(Captioned web images)
------------------------------------------------------------------------

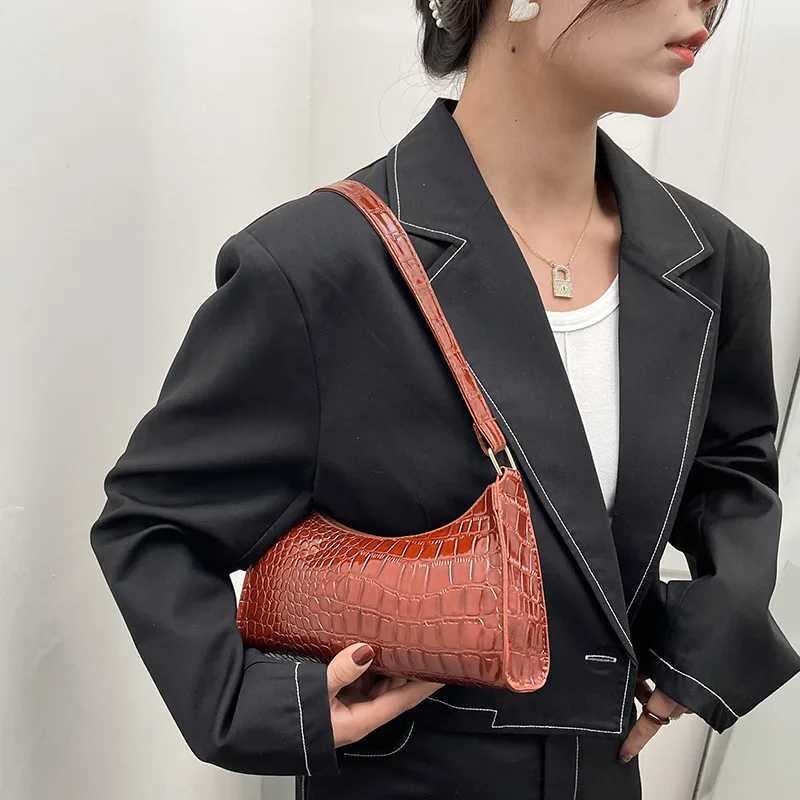 Fiable Underarm Bag Womens Small Handbag Autumn Winter Single Shoulder BagXJ241225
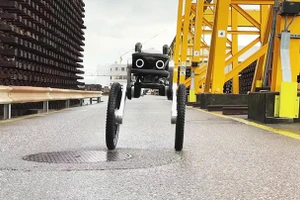 Robot bảo an đang tuần tra. Ảnh: EURONEWS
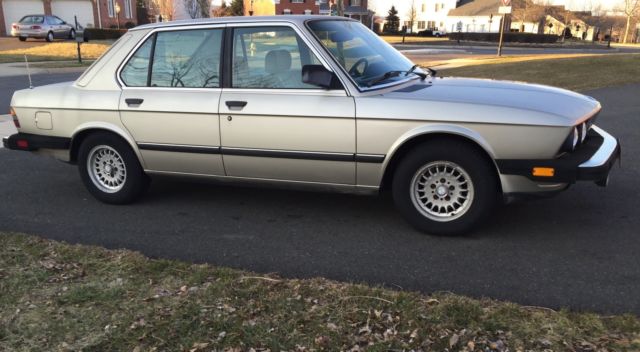 1985 BMW 524td 1985 BMW 5-Series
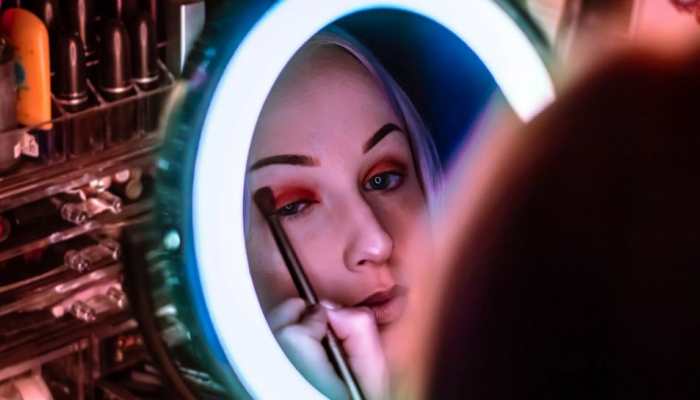 Want Those Smokey Eyes? Makeup Brushes That You Must Have 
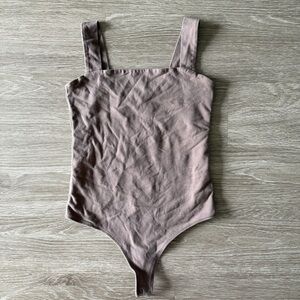 Abercrombie & Fitch tan square neck bodysuit sz S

------------------------------------------------------------------------

**Activity:**
Only the lines from the one containing "1985 BMW 524td 1985 BMW 5-Series" through the last line of the entries above, both included, belong in the answer, written out exactly; pictures do not.

**Solution for this problem:**
 1985 BMW 524td 1985 BMW 5-Series
 Want Those Smokey Eyes? Makeup Brushes That You Must Have 
 Abercrombie & Fitch tan square neck bodysuit sz S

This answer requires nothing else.